Civil Society Network
Against Corruption (CSNAC) is a coalition of over hundred and fifty Anti-
corruption organizations whose primary aim is to constructively combat
corruption vigorously and to ensure the effective monitoring of the various
Anti-graft agencies in the fight against corruption and contribute towards the
enthronement of transparency, accountability, probity, and total commitment in
the fight to eradicate corruption in Nigeria.
In 2007, according to
the Bureau of Public Service Reform (BPSR), the Integrated Payroll and
Personnel Information System (IPPIS) project, a World Bank–assisted programme
of the Federal Government’s Economic Reforms and Governance Project (ERGP), was
instituted to provide a reliable and comprehensive database for the public
service, facilitate manpower planning, eliminate record and payroll frauds,
facilitate easy storage, update and retrieve personnel records for
administrative and pension processes and facilitate staff remuneration payment
with minimal waste and leakages.
National Mirror
reported on its website on July 03, 2013 that, since the commencement of the
project, successes recorded include the streamlining of payroll and personnel
processes; personnel budget now based on actual as against estimate
projections; prompt deduction and remittance of money to all third party funds,
such as the Pension Fund Administration, National Health Insurance Scheme etc.,
as well as saving funds recovered from the ghost worker syndrome dogging the
nation’s public service.
The news medium further
related that, according to reports, FG for example, made a savings of N4.4
billion in the 2007/2008 fiscal year from the IPPIS project.
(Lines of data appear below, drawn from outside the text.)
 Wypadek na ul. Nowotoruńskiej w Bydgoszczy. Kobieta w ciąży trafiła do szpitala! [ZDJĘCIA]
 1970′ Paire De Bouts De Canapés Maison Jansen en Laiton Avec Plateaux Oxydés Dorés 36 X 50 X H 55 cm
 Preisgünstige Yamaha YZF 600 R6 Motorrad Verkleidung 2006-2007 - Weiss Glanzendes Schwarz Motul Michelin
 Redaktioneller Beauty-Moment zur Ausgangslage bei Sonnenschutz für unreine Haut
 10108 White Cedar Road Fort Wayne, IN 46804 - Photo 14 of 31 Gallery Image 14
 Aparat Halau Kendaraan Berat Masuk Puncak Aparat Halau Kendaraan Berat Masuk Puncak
The said amount
represents the difference between the budgeted personnel cost estimates of just
seven ministries, departments and agencies (MDAs) and the actual personnel
costs paid during the period under reference. Then, it was allegedly discovered
that, the Nigerian Customs Service (NCS) harboured about 10,000 ghost workers
on its payroll, while the prostrate Nigerian Telecommunications Limited (NITEL)
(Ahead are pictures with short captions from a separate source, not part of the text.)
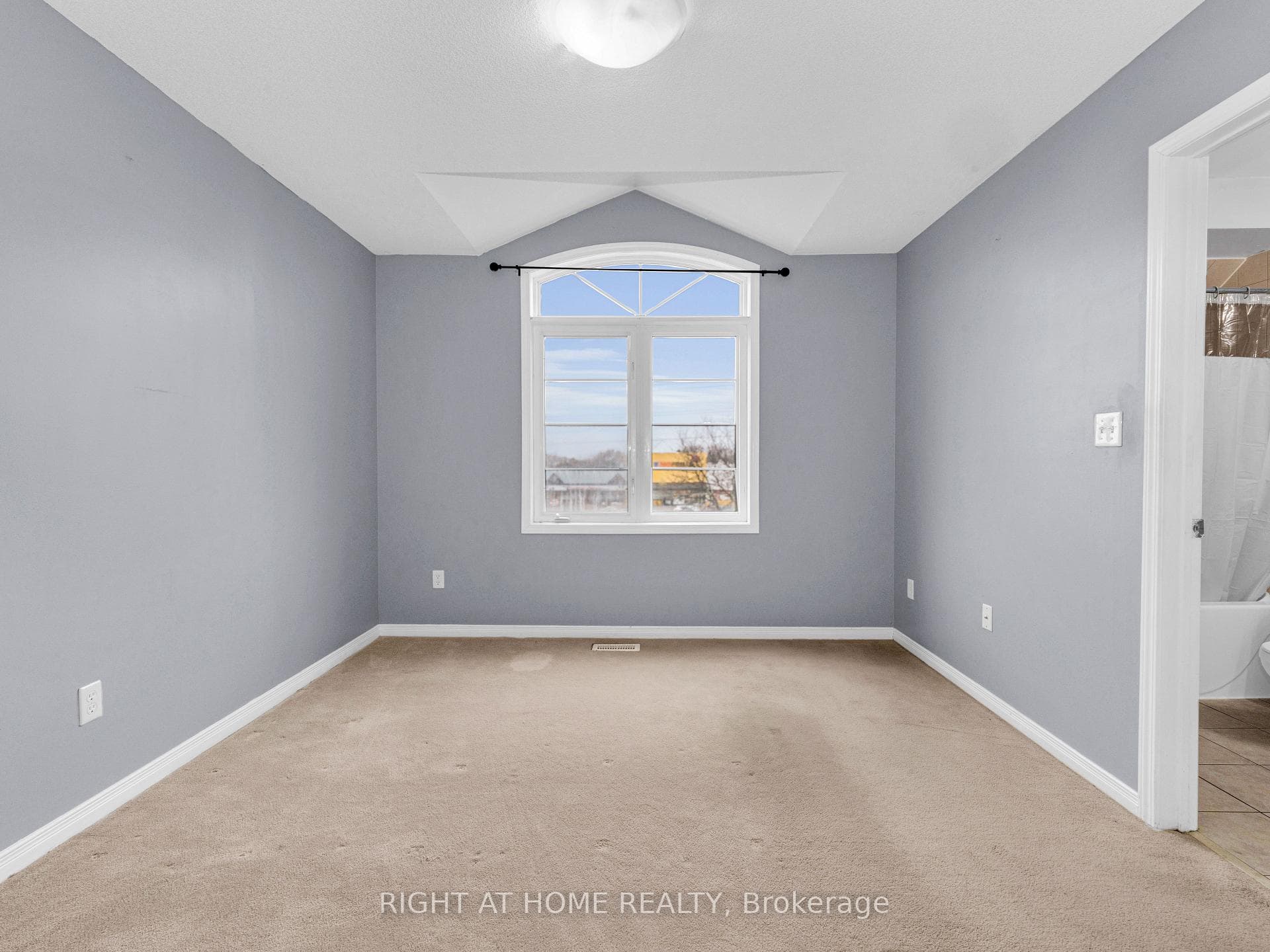 162 Bayly Street photo 18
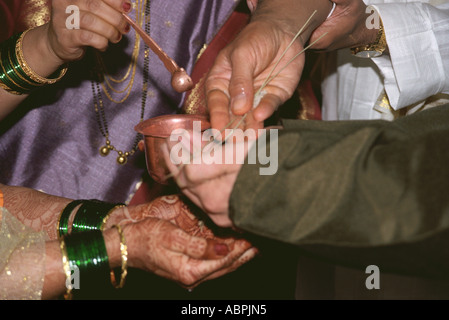 Cerimonia matrimoniale Kanyadan durante il matrimonio indiano Maharashtrian India Foto Stock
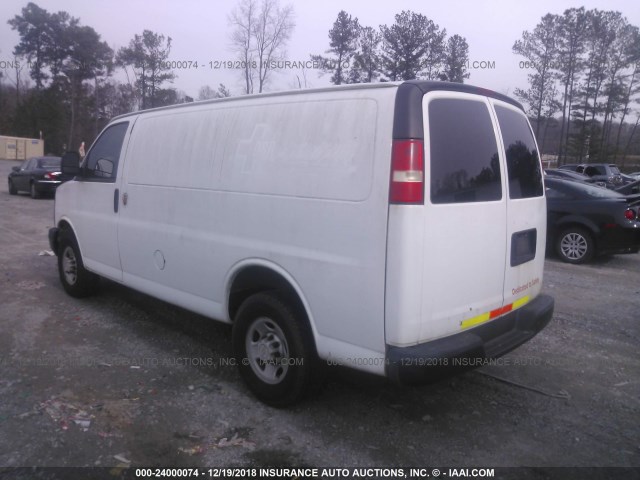 1GCHG35C681145228 - 2008 CHEVROLET EXPRESS G3500  WHITE photo 3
frittered away N2 billion annually using ghost workers as cover.
Earlier in 2013, in
February 14, 2013, the Punch reported that the former Minister of State for
Finance, Dr. Yerima Ngama, while briefing journalists on the outcome of the
weekly Federal Executive Council presided over by President Goodluck Jonathan
on the 13th of February, 2013, related that the Federal Government had so far
uncovered 45,000 ghost workers in 215 Ministries, Departments and Agencies
where the finance ministry had already introduced the IPPIS and that about
N100billion was already saved in form of salary bill.
Within 2013 and prior
the exit of the Jonathan administration, about 63,000 ghost workers have
purportedly been uncovered saving the federal government billions of Naira. The
Punch reported on 17th February, 2015 that at a lecture organised by the
Catholic Caritas Foundation of Nigeria, an organ of the Catholic Bishops
Conference of Nigeria with the theme, ‘Preventing leakages in the Nigerian
Economy’, in February 2015, the former Minister of Finance and Coordinating
Minister of the Economy, Dr. Ngozi Okonjo-Iweala, allegedly stated that, the
Federal Government uncovered 62,892 ghost workers and as a result, the exercise
saved the government over N208.7billion.
However, despite claims
by the previous administration of saving the enormous cash from the scam, the
Jonathan administration failed to punish those behind it. Premium Times on June
29, 2015, while giving a report on the Ahmed Joda transition committee’s
recommendations to President Buhari, stated that Dr. Ngozi Okonjo-Iweala
supposedly claimed that, the case had been transferred to the Independent
Corrupt Practices and other Related Offences Commission (ICPC) alongside names
of indicted officials but the anti-graft body reportedly repeatedly refuted
this.
Let us bear in mind
that the monumental ghost-worker sleaze bug is not only eating the fabrics of
the civil service of the Federal Government alone but virtually all states in
the country are afflicted with this bug. Failure to retrieve criminally
acquired resources and punish perpetrators of this act is capable of embolden
others in devising new criminal means of pilfering state resources.
We hereby request that
your Commission investigate and prosecute the kingpins and field officers
involved in this act of ghost worker scam across the Federal civil service as
reported by the former minister of finance. The ex-minister should be promptly
invited to provide insight into the matter, with information allegedly
forwarded to the ICPC supplied for necessary action.